In this paper, we use the term GC for any star cluster older than ∼1 Gyr and young massive cluster (YMC) for any star cluster younger than this age. This division corresponds to the transition for a massive cluster from being dominated by formation physics to disruption physics and in stellar evolution terms to when the red giant branch starts to make a significant contribution to the luminosity of the cluster.

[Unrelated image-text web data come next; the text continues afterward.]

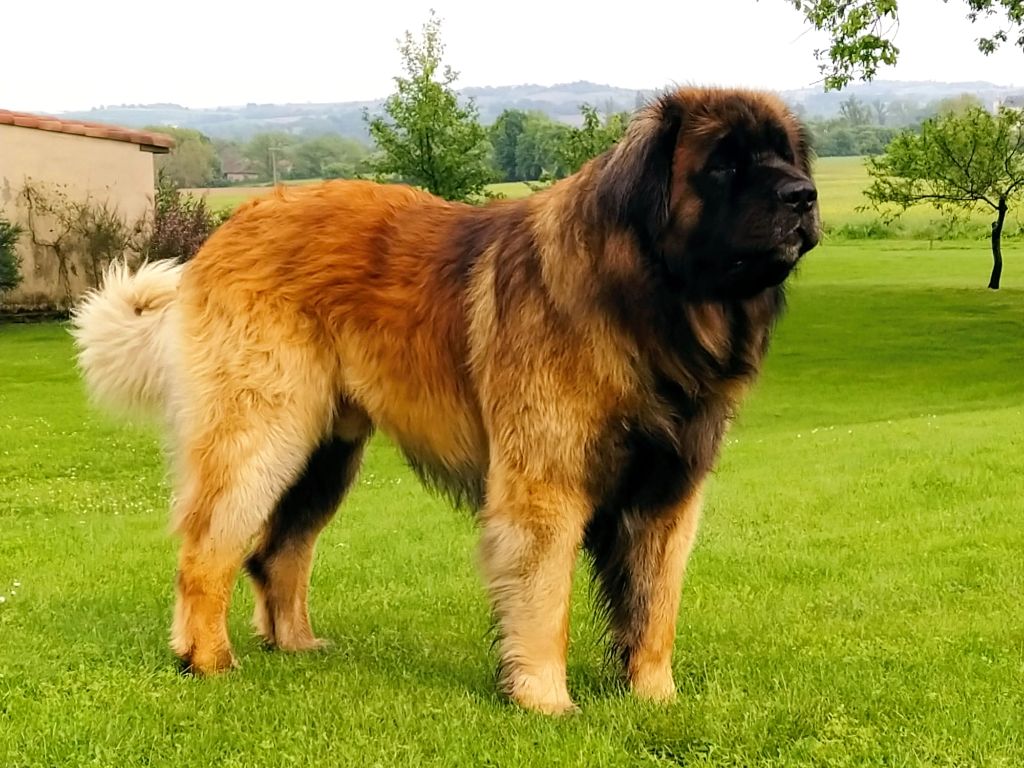 Popitch fjord De la legende du chene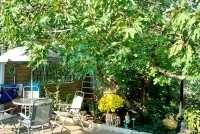 Лучшие отели 2017 - Алушта 2024 отдых без посредников у моря Алушта 2024 - Лучшие отели 2017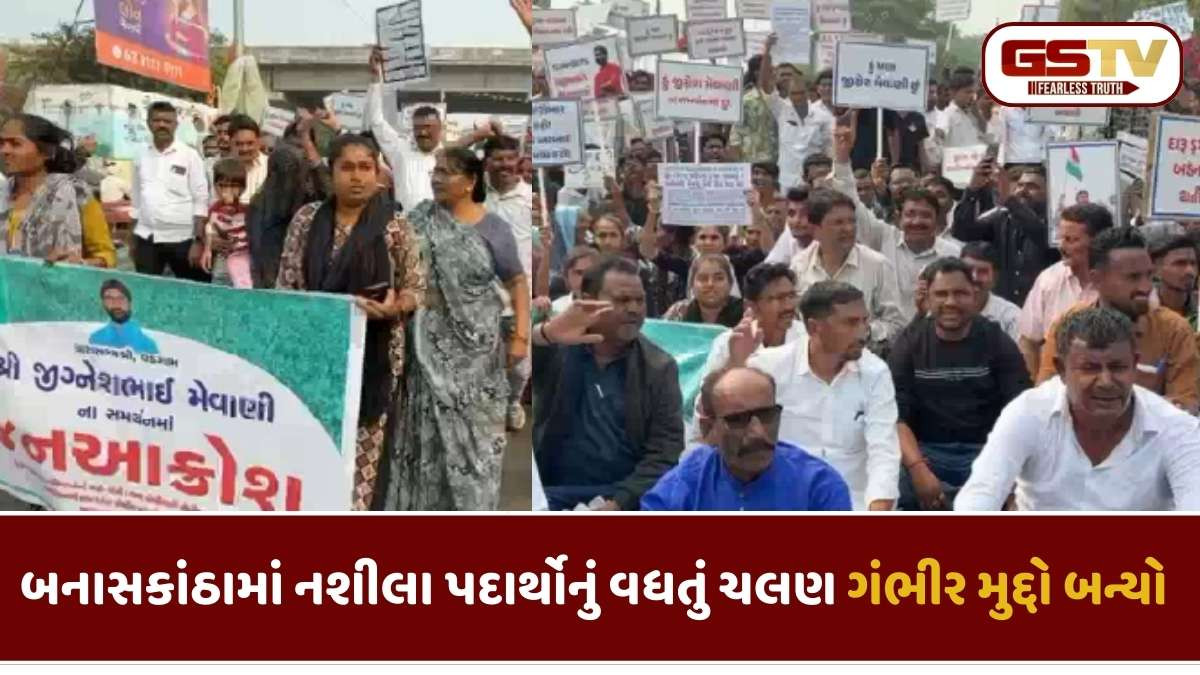 Banaskantha news: ડીસામાં નશીલા પદાર્થો વિરુદ્ધ જનઆક્રોશ, મેવાણીના સમર્થનમાં 500 સમર્થકોની મહારેલી
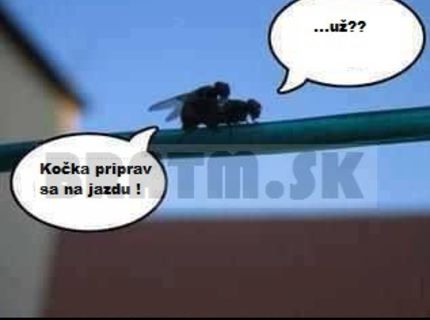 Prichytení pri čine :D
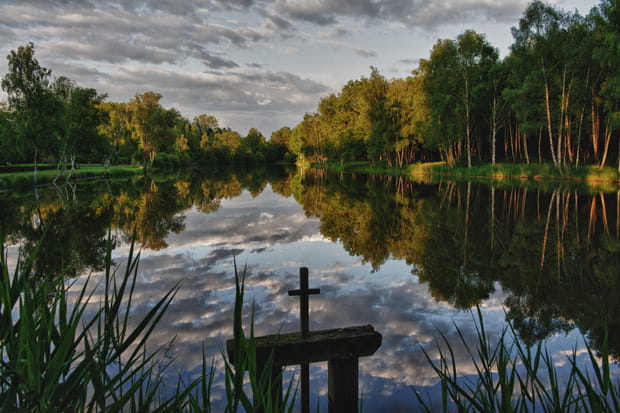 La Sologne, le "pays des mille étangs"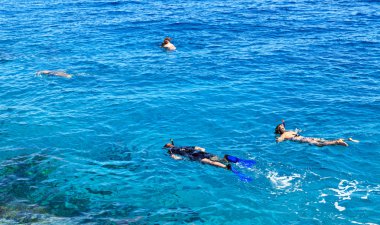 Kızıl Deniz 'e dalmak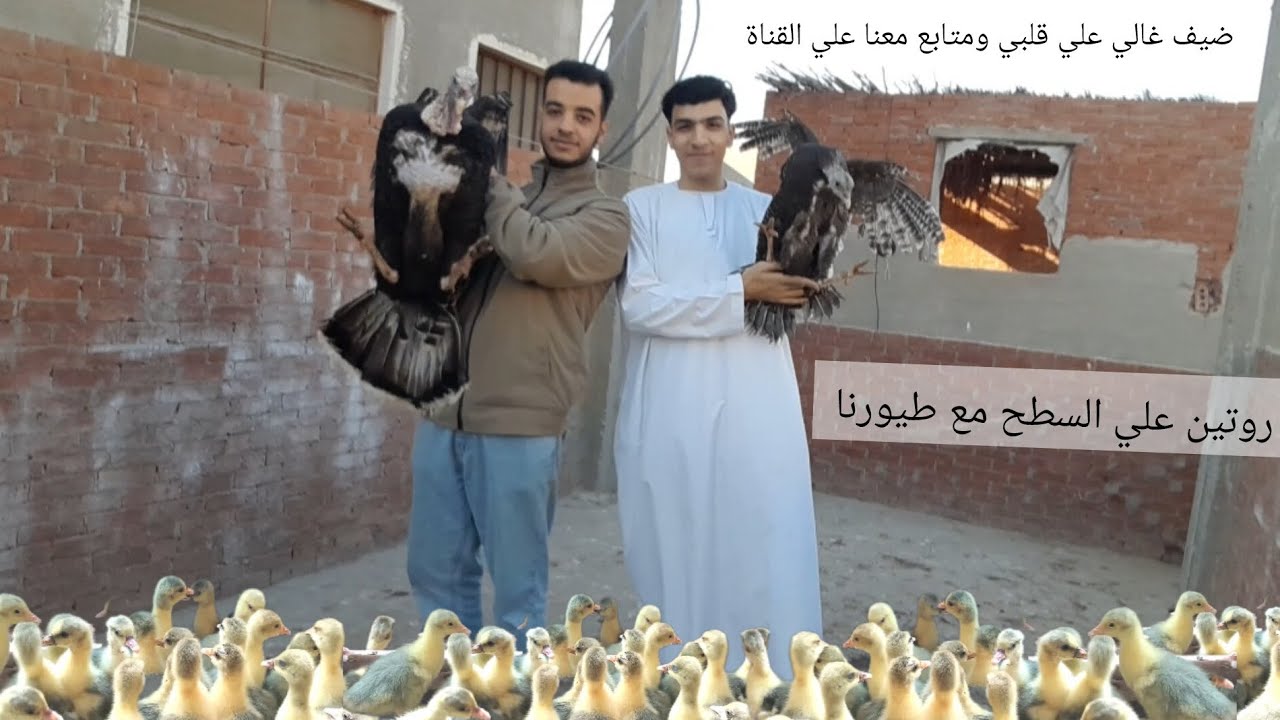 ضيف غالي علي قلبي 🥰 هناخد جولة عند الطيور 🪿 وهنضف السطح 🔥 روتين تنضيف من نار 🦃 ومفجأة في أخر الفيديو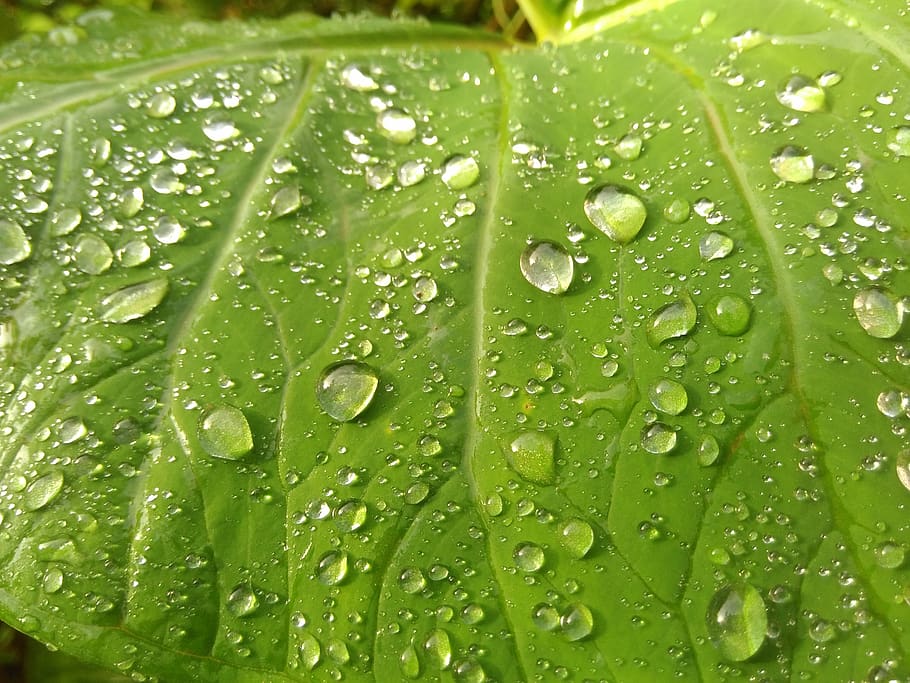 water, drops, leaf, wet, green color, plant part, close-up HD wallpaper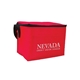 Budget 6- Pack Cooler Bag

Two broad classes of models for GCs have been proposed. Motivated by the old ages of Milky Way (MW) GCs (e.g. Janes & Demarque 1983; VandenBerg et al. 2013; Valcin et al. 2021) and the lack of easily observable star clusters forming today in the MW massive enough to survive a Hubble time, the first class of models (e.g. Peebles 1984; Trenti, Padoan & Jimenez 2015) invokes special conditions in the early Universe. In these models, GCs form during or even before the epoch of reionization (z ≳ 6, lookback times ≳13 Gyr), often in their own dark matter haloes. In the second class of models (e.g. Elmegreen & Efremov 1997; Elmegreen 2010; Kruijssen 2015), motivated by observations of star clusters of GC mass or greater forming in starburst galaxies today (e.g. Whitmore & Schweizer 1995; Holtzman et al. 1996; Adamo et al. 2020), GC formation is the natural outcome of intense star formation. In the first class of models, all GCs in all galaxies should have formed in the first Gyr of the Universe; in the second, the distribution of GC ages should be broader and should vary with galaxy assembly history. Quantitative models of GC formation (e.g. Li & Gnedin 2014; Pfeffer et al. 2018; Valenzuela et al. 2021; Rodriguez et al. 2023) make predictions for the age distribution of GCs that can be compared to observations.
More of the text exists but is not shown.